Sabemos encontrar-nos distantes do real fim a que aspiramos. Para tanto, é preciso que aumentemos sempre a co-responsabilidade dos seres sobre os recursos naturais que provém a vida.

O domínio equilibrado e consciente das novas tecnologias, sobretudo a energia atômica, deve contar com atenção especial. Sua utilização nos leva ao desabrochar de novos horizontes, como a conquista espacial, aumento da produção industrial e substitutivo ao petróleo. Não obstante, a atomicidade pode nos fazer mergulhar em uma faze obscura, de aniquilação e destruição, inversamente proporcionais aos potenciais de desenvolvimento.

Coragem e determinação, sob a mais rigorosa condução científica, destituídos de mitos e solidariamente dispostos, são os elementos ímpares a que dispomos para nos auto-conduzir. Conscientes que o hoje é o amanhã de ontem e nada se modificará, em nosso futuro e da humanidade, se aqui e agora não o iniciar.

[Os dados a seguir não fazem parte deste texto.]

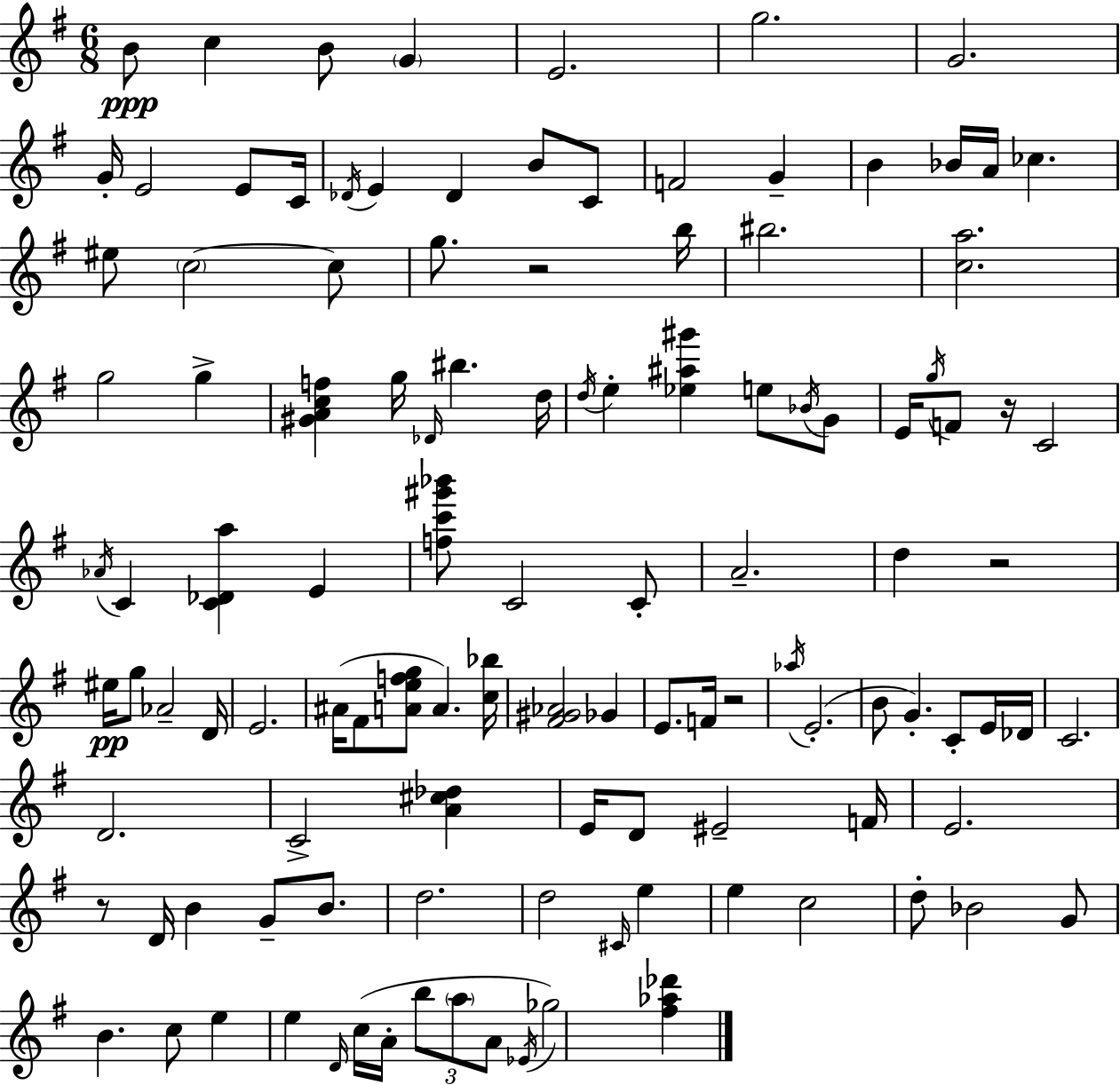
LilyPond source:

{
  \clef treble
  \numericTimeSignature
  \time 6/8
  \key e \minor
  b'8\ppp c''4 b'8 \parenthesize g'4 | e'2. | g''2. | g'2. | \break g'16-. e'2 e'8 c'16 | \acciaccatura { des'16 } e'4 des'4 b'8 c'8 | f'2 g'4-- | b'4 bes'16 a'16 ces''4. | \break eis''8 \parenthesize c''2~~ c''8 | g''8. r2 | b''16 bis''2. | <c'' a''>2. | \break g''2 g''4-> | <gis' a' c'' f''>4 g''16 \grace { des'16 } bis''4. | d''16 \acciaccatura { d''16 } e''4-. <ees'' ais'' gis'''>4 e''8 | \acciaccatura { bes'16 } g'8 e'16 \acciaccatura { g''16 } f'8 r16 c'2 | \break \acciaccatura { aes'16 } c'4 <c' des' a''>4 | e'4 <f'' c''' gis''' bes'''>8 c'2 | c'8-. a'2.-- | d''4 r2 | \break eis''16\pp g''8 aes'2-- | d'16 e'2. | ais'16( fis'8 <a' e'' f'' g''>8 a'4.) | <c'' bes''>16 <fis' gis' aes'>2 | \break ges'4 e'8. f'16 r2 | \acciaccatura { aes''16 } e'2.-.( | b'8 g'4.-.) | c'8-. e'16 des'16 c'2. | \break d'2. | c'2-> | <a' cis'' des''>4 e'16 d'8 eis'2-- | f'16 e'2. | \break r8 d'16 b'4 | g'8-- b'8. d''2. | d''2 | \grace { cis'16 } e''4 e''4 | \break c''2 d''8-. bes'2 | g'8 b'4. | c''8 e''4 e''4 | \grace { d'16 } c''16( a'16-. \tuplet 3/2 { b''8 \parenthesize a''8 a'8 } \acciaccatura { ees'16 }) ges''2 | \break <fis'' aes'' des'''>4 \bar "|."
}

À evolução, alguns hábitos exigem urgentes mudanças, o que repercutirá nos sistemas integrados de administração global. Não é possível que os governos continuem a incentivar a exploração de vidas animais como parte dos bens de consumo do capital. Mister é o respeito pelas outras espécies com quem dividimos o globo. Elegermos algumas frutas como livres do comércio, disponibilizando-as à população em ações incentivadas pelos governos, com seu plantio abundante, é outro ponto de fundamental importância vital.

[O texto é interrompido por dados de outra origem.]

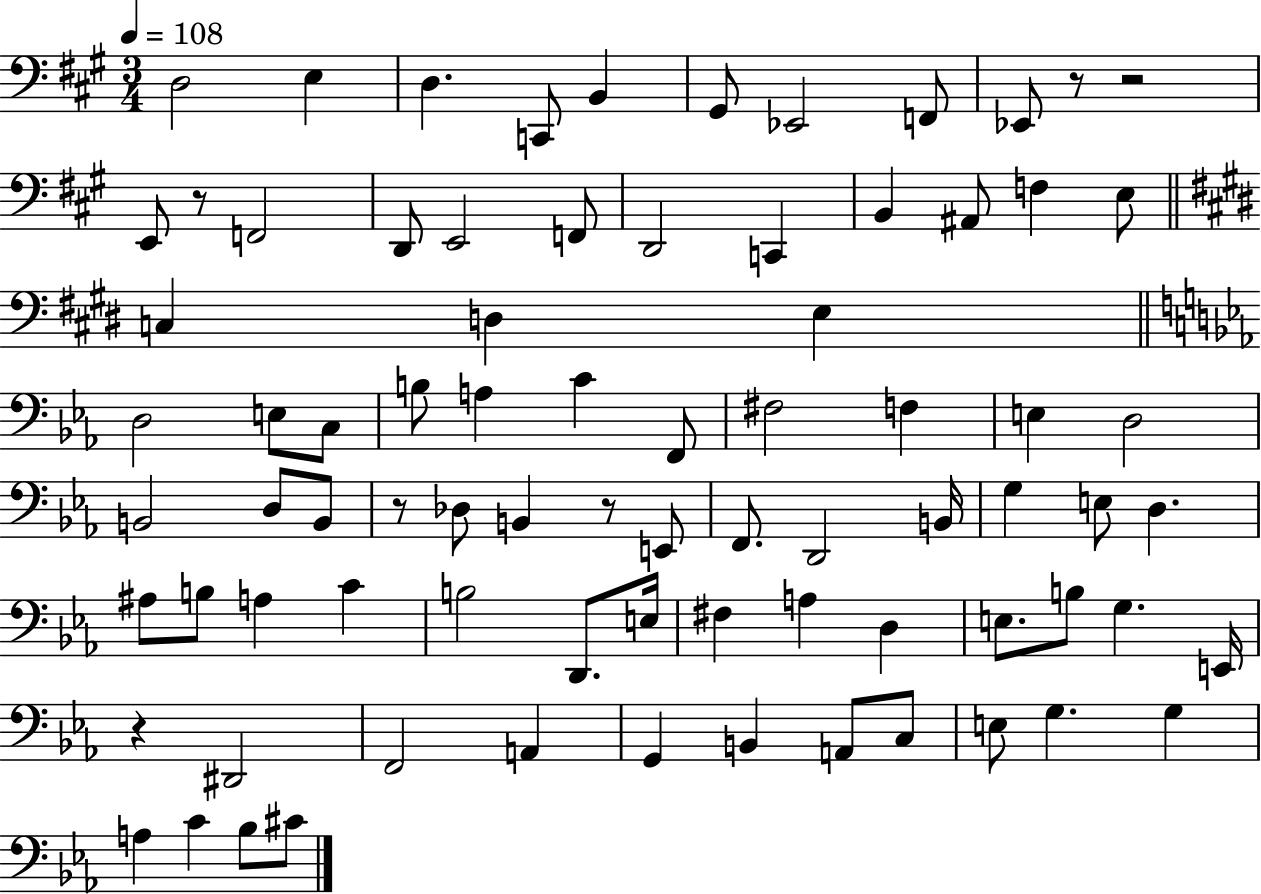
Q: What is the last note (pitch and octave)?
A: C#4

Guardadas as proporções da lógica, da razão e do bom censo, o respeito mútuo entre os seres e o amor como elo de união em cadeia, são assertivas a que se deve destacar, difundir e perpetuar. Refutamos os recursos místicos e míticos ainda hoje utilizados como objetos de poder, condução e persuasão, e mesmo de exploração, sem que o homem se perca em sua natureza animal, compõe um dos desafios a ser enfrentado pelos homens. Não há necessidade de se continuar dando vida a mitos, como deus ou diabo, como suporte e sustentação à fraqueza humana.

Ao retirar-se a carga mitológica do pensamento, resta a boa filosofia. Propósitos irrefutáveis à evolução com base e fundamentação a elos concretos – científicos.

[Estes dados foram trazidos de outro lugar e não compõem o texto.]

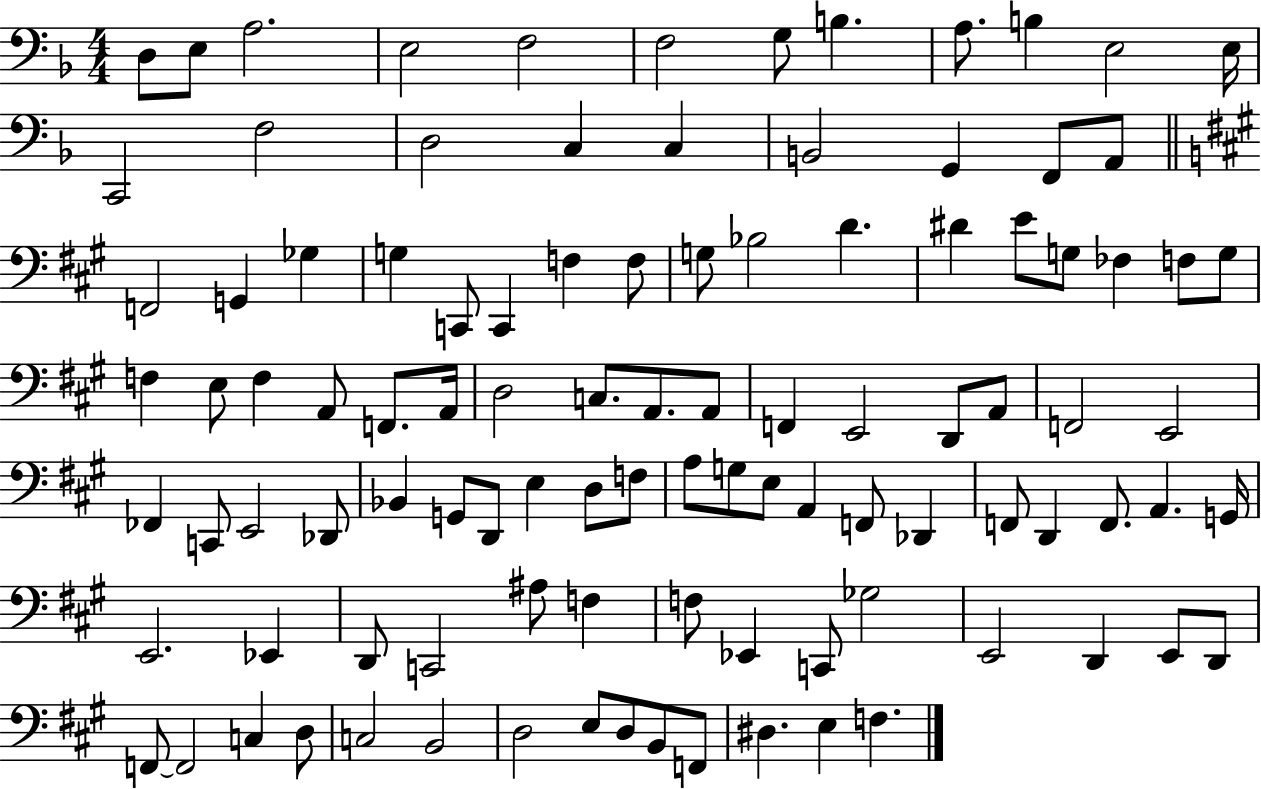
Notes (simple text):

D3/e E3/e A3/h. E3/h F3/h F3/h G3/e B3/q. A3/e. B3/q E3/h E3/s C2/h F3/h D3/h C3/q C3/q B2/h G2/q F2/e A2/e F2/h G2/q Gb3/q G3/q C2/e C2/q F3/q F3/e G3/e Bb3/h D4/q. D#4/q E4/e G3/e FES3/q F3/e G3/e F3/q E3/e F3/q A2/e F2/e. A2/s D3/h C3/e. A2/e. A2/e F2/q E2/h D2/e A2/e F2/h E2/h FES2/q C2/e E2/h Db2/e Bb2/q G2/e D2/e E3/q D3/e F3/e A3/e G3/e E3/e A2/q F2/e Db2/q F2/e D2/q F2/e. A2/q. G2/s E2/h. Eb2/q D2/e C2/h A#3/e F3/q F3/e Eb2/q C2/e Gb3/h E2/h D2/q E2/e D2/e F2/e F2/h C3/q D3/e C3/h B2/h D3/h E3/e D3/e B2/e F2/e D#3/q. E3/q F3/q.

Com o livro hebraico Genesis, escrito há 2.500 anos aproximadamente, começam a cair muitos mitos. Recursos estes à pseudocriações para justificar o desconhecido. Onde espíritos bons e maus ganham vida.

Sem o Sol, os vegetais não produziriam a glicose, base de energia indispensável aos animais. A Lua interfere nas marés. Sendo os seres constituídos por 80% de água, não é irrefutável a possível ação da Lua até mesmo sobre a eletrólise corpórea humana (hipótese), o que resultaria em oscilações biológicas, repercutindo nos estados emocionais e no próprio comportamento, com desdobramentos sociais e relações políticas.

Como pesquisador da cinesiologia e cientista, à auto-condução, adoto e indico: uma só Lei, a 3a. de Newton; capaz de bem dimensionar e direcionar à uma trajetória bem sucedida e co-responsável aos seres: "Toda ação provoca uma reação. Com a mesma força e intensidade. Porém, em sentido contrário".

Sob a observância dessa Lei, não é preciso temer o retorno da natureza.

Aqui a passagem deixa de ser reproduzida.